Copyright The International Heral Tribune
Tuesday, March 22, 2005
HONG KONG A world power necessarily has interests that conflict with each other. That is ever more the case in a world of many camps. The resulting dilemmas have been on display in the past week as Secretary of State Condoleezza Rice toured the major capitals of Asia.
Rice’s visits were seen as a welcome effort to restore Asia to a central place in a U.S. foreign policy dominated since the Sept. 11 attacks by the Middle East, “terror” and Europe. But they also suggested that the United States has too many agendas to be able to fulfill any of them satisfactorily. Sharper focus is especially needed given the inroads that Beijing has been making into U.S. influence as a result of China’s economic growth and its diplomacy in search of resources – in Africa and Latin America as well as Asia – while Washington’s attention has been elsewhere.
During Rice’s visit to New Delhi it was apparent that America’s obsession with Iran’s nuclear program – which many in Asia see as driven by Israel – is a major obstacle to the much closer relations that appear to be in the long-term interests of the United States and India, which is a beacon of secularism and democracy.
India not only needs Iranian gas but has always seen Iran as a natural ally.
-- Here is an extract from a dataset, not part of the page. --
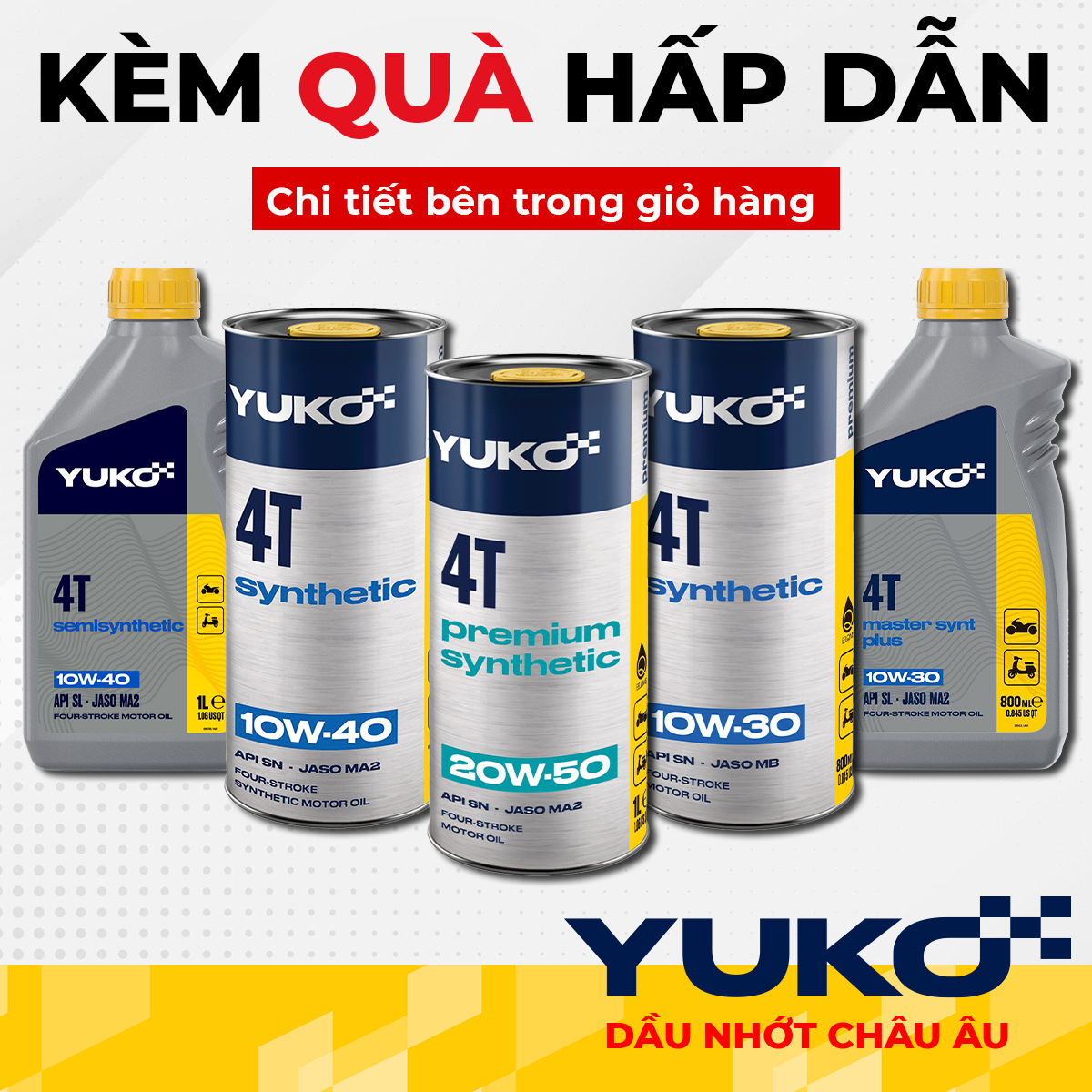 CÓ QUÀ - Dầu nhớt châu Âu Yuko 10W30/ YUKO 10W40/ YUKO 20W50 API SN - Dầu nhớt xe máy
A gas pipeline from Iran to India across Pakistan would also be a symbol of Indian-Pakistani rapprochement, to which the United States has contributed much.
America’s proposed sale of fighter jets to Pakistan, meanwhile, may buy support for the U.S. agenda on Iran and Afghanistan but irritates India and could slow the improvement in Indian-Pakistani relations.
During Rice’s visits to Seoul and Beijing it was apparent that America’s obsession with the North Korean nuclear issue is getting in the way of other agendas. It has long puzzled East Asia that the United States places more importance on the North Korean threat than the neighbors who would seem the most threatened. Rice made the issue the focus of her Beijing trip even though the United States remains at odds with Seoul and to a lesser extent with Tokyo on how to handle Pyongyang. China, meanwhile, uses North Korea as a handy diversion.
The central “other issue” is China’s own growing military power, which is again worrying Washington and Tokyo. This is by far the most important issue for America’s role in the world, and in Asia in particular. The United States has a strong case to make that Europe’s determination to sell advanced weapons to China is dangerous to East Asian stability. It links directly to the security of Japan and Taiwan at a time when Chinese nationalism is rising and Taiwan has again been pushed higher up Beijing’s agenda.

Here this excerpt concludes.